= Activity =
Using the records below, give again exactly the lines from the line that contains "Illustrazione vettoriale di" through the line that contains "Новые формы брачных", both ends included, and only those.

= Records shown =
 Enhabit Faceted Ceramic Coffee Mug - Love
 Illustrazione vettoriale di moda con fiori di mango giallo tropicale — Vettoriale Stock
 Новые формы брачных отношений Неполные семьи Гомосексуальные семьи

--

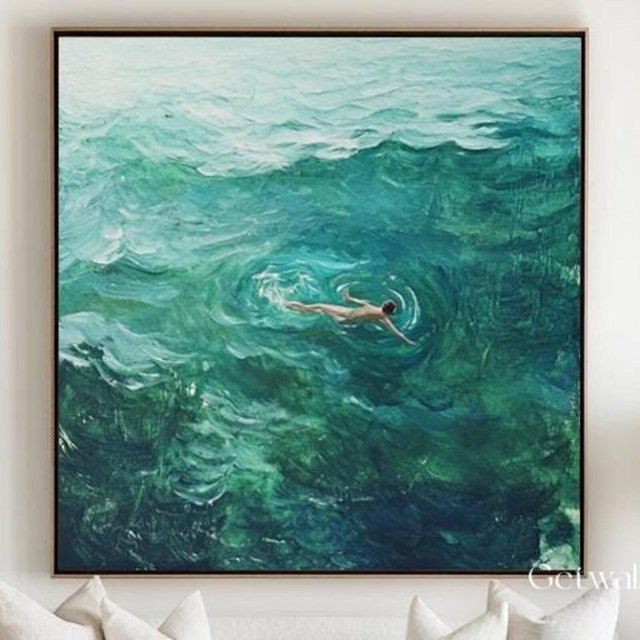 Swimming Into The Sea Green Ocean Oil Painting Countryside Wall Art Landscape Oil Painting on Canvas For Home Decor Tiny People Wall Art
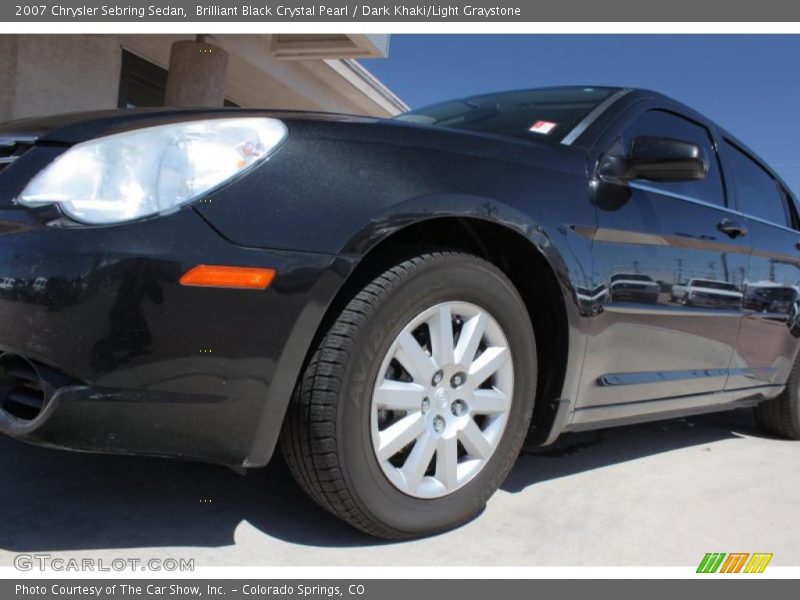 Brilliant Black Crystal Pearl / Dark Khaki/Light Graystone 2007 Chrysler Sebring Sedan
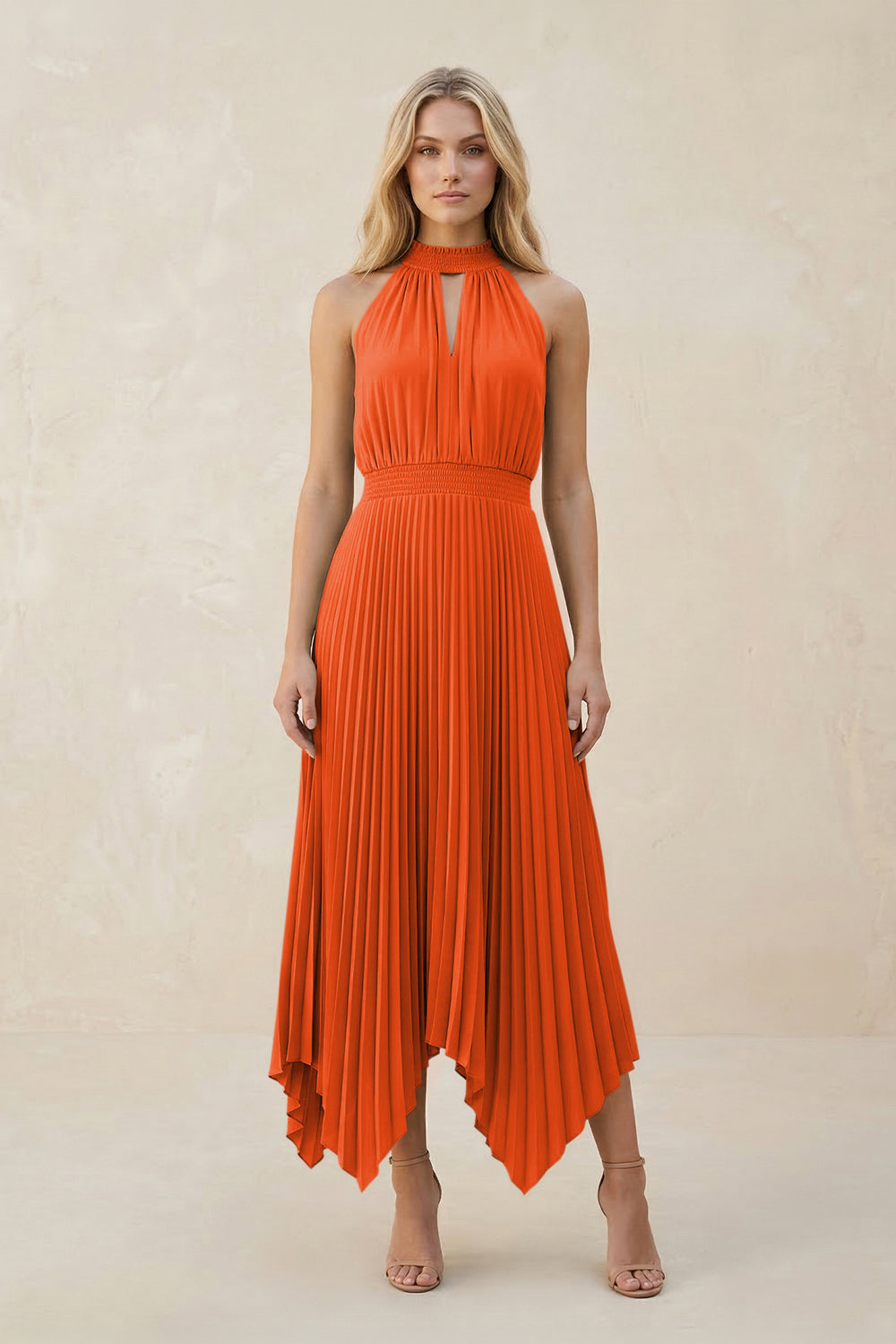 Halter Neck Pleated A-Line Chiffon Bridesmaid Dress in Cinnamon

--

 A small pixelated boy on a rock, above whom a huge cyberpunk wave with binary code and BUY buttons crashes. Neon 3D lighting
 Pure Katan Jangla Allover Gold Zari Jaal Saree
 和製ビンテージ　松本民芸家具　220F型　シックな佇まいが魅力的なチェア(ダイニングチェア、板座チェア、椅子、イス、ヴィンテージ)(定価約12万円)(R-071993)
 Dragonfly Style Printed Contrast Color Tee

= Response =
 Illustrazione vettoriale di moda con fiori di mango giallo tropicale — Vettoriale Stock
 Новые формы брачных отношений Неполные семьи Гомосексуальные семьи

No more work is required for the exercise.